Apakah harus Sulak melecehkan kehormatan orang lain agar kehormatan dirinya bisa berkamuflase, apalagi seseorang itu adalah murid yang menganggapnya sebagai “guru” dalam berproses kreatif? Tidak adakah cara lain seperti menjual koleksi bukunya sendiri? Sesungguhnya, Rupiah telah membuat Sulak kalap mata, sehingga secara sadar melakukan tindakan yang diharamkan dalam dunia Sastra Kita itu. Terbesit di benak saya tentang nasib si “yang dituduh” itu. Bagaimana pun, kehormatannya sebagai seseorang yang ingin bisa menulis telah dientaskan ke publik demi honor beberapa rupiah itu!
Karena tabiat buruk Sulak ini, baru saja saya membaca maklumat dari Jawa Pos, begini:
“BERKAITAN dengan penerbitan cerita pendek (cerpen) berjudul Bidadari Bunga Sepatu di Jawa Pos Minggu (6/6) dan unggahan A.S. Laksana di media sosial, redaksi Jawa Pos perlu memberikan penjelasan dan pernyataan terbuka sebagai berikut.

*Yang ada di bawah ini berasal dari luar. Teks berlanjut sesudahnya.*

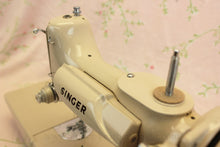 Load image into Gallery viewer, Singer Featherweight 221 Sewing Machine, TAN ES878***
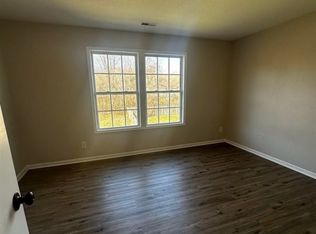 415 N John Doy Ct #A, Lawrence, KS 66049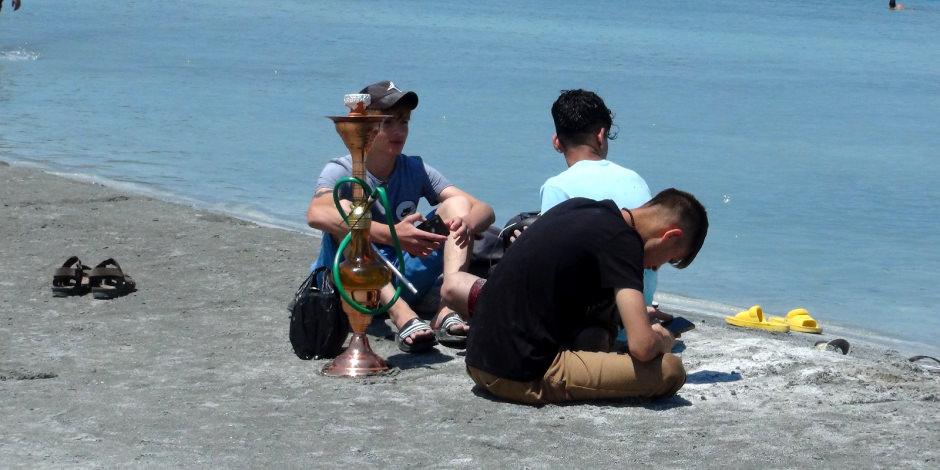 İstenmeyen görüntüler: Salda Gölü kıyısında nargile içtiler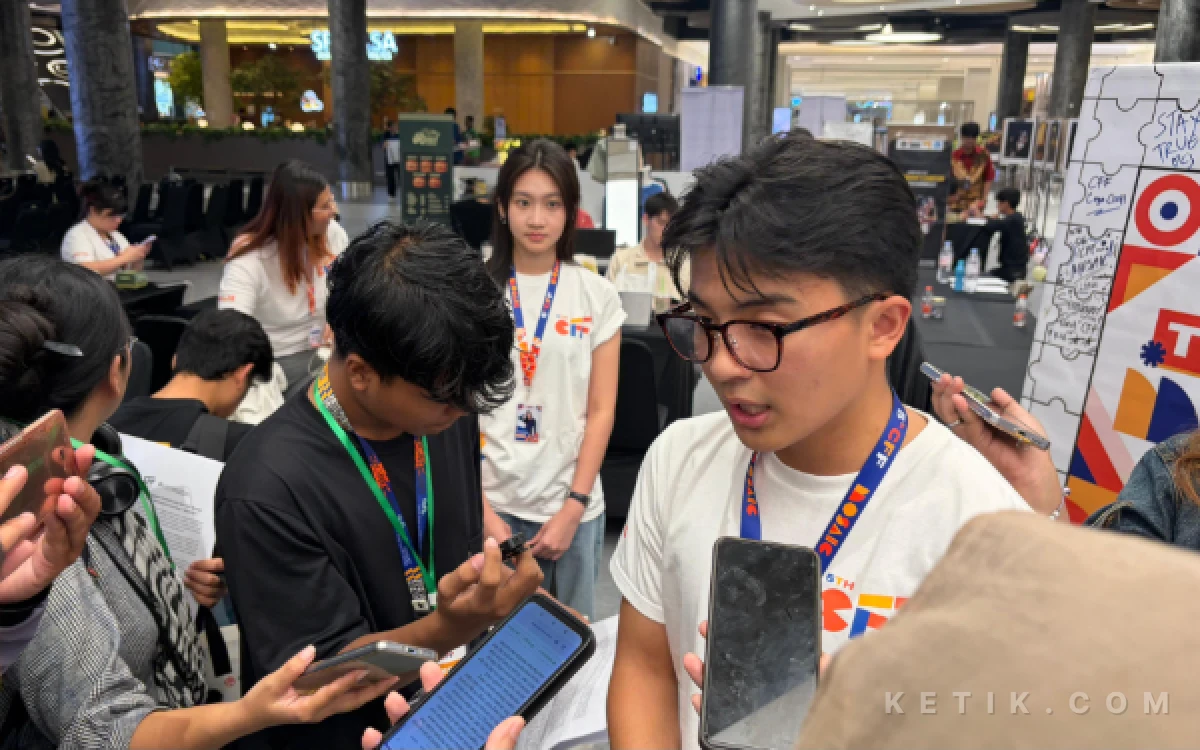 Foto Foto Jason Cliff Kurniawan sebagai Festival Direktur 5th CFF saat sesi doorstop di V Atrium Mall Ciputra World Surabaya pada 3 Juni 2026. (Foto: Ali Azhar D/Ketik.com)
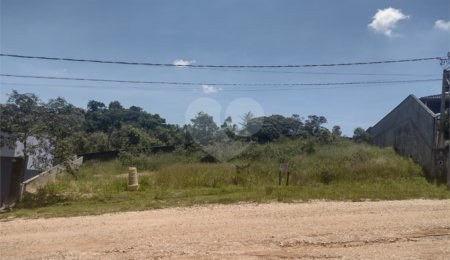 Terreno à venda no condomínio Lago Dourado, Jacareí - SP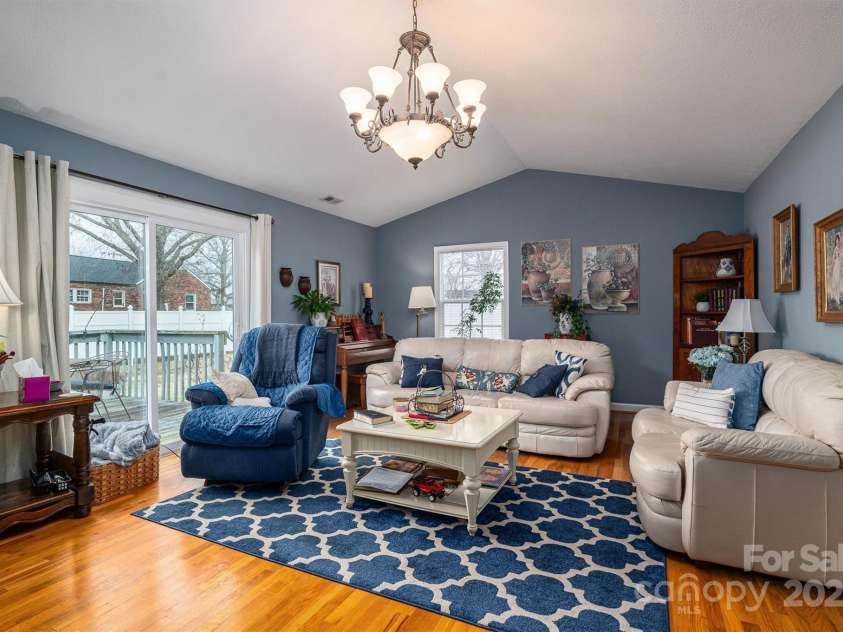 3248 St Vincent Drive, Claremont, NC 28610.  MLS# CAR4222266, YatesRealty ID 2851.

1. Cerpen tersebut dikirimkan ke redaksi Jawa Pos dan dinyatakan secara tertulis sebagai karya A.S. Laksana.
2. Tidak ada penjelasan, baik dalam komunikasi dengan redaktur maupun di catatan kaki, yang menyebutkan bahwa cerpen itu merupakan karya kolaborasi A.S. Laksana bersama Afrilia.
3. Redaksi Jawa Pos memilih cerpen berjudul Bidadari Bunga Sepatu untuk diterbitkan dengan hanya mempertimbangkan kualitas karya.
4. Pernyataan A.S. Laksana bahwa redaksi Jawa Pos mempertimbangkan nama penulis dalam pemuatan karya merupakan opini pribadi dan tidak mencerminkan fakta serta kebijakan redaksi Jawa Pos.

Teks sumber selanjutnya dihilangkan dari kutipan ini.